Le coût moyen de la gazéification indirecte serait plus faible que pour la gazéification à l’oxygène sous pression. Cela est notamment dû à la différence des coûts d’investissement des unités : la gazéification à l’oxygène est plus chère du fait du coût de la production d’oxygène. Des installations de 100 MWth PCI input

ont été considérées avec un coût de la biomasse de 8,3 €/MWh PCI (ce qui est très faible, on aurait plutôt du considérer 15-20 €/MWh PCI). Leur rendement énergétique est sensiblement égal : de l’ordre de 67 % sur PCI. Les coûts d’investissement moyen sont de 480 €/kWth pour la gazéification à l’oxygène et de 450 €/kWth pour la gazéification indirecte.
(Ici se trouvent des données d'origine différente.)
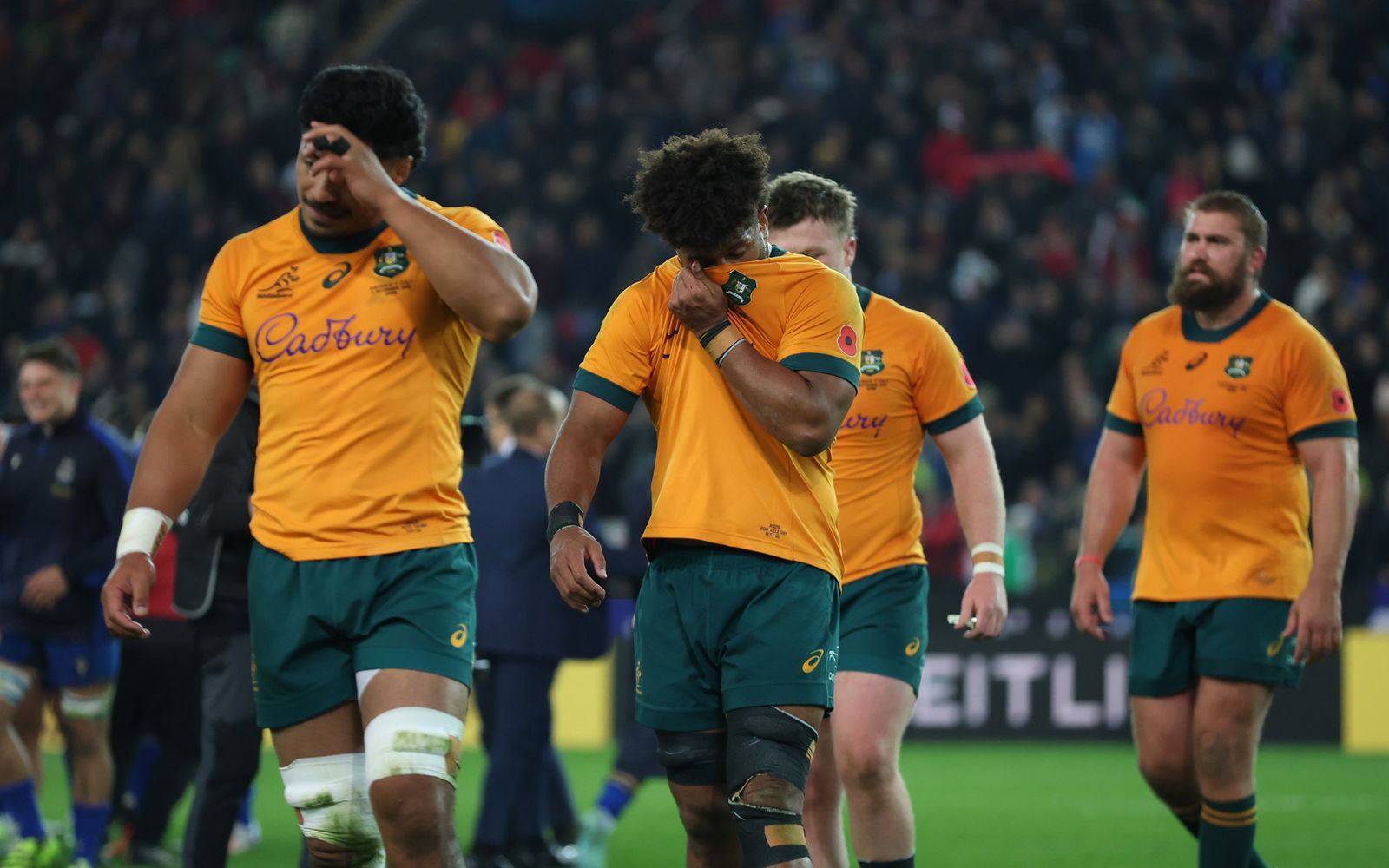 Os jogadores dos Wallabies parecem desanimados.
En revanche, la gazéification indirecte (du type Batelle) serait plutôt réservée à des unités de production décentralisée inférieures à 100 MWth alors que la gazéification à l’oxygène laisse espérer une réduction des coûts du fait d’une augmentation de l’échelle (> 100 MWth) (Mozaffarian, 2003).

Une technologie intéressante à développer, d’après l’analyse effectuée dans ce rapport, serait une gazéification indirecte avec un gazéifieur sous pression, afin d’éviter les surcoûts engendrés par l’unité de production d’oxygène et de compression des gaz en amont de la méthanation, mais une telle technologie semble très difficile à mettre en œuvre.

Le coût du combustible est le paramètre qui a la plus grande influence sur le coût du SNG. D’où l’intérêt d’optimiser le coût de la biomasse. A ces niveaux de puissance (> 100 MWth), il sera très difficile de trouver un seul gisement en déchets de biomasses. Il faudra sans doute aussi envisager une alimentation du procédé en plaquettes forestières.

Les coûts de réduction des émissions de CO2 seraient compris entre 83 €/t de CO2 évité (gazéification indirecte) et 95 €/t (gazéification oxygène sous pression), par rapport au coût et aux émissions du Gaz Naturel, ce qui est inférieur à une taxe de 100 €/t. Si elle se met en place, les filières SNG pourraient rapidement devenir économiquement viables, à l’horizon 2010 (Mozaffarian, 2003).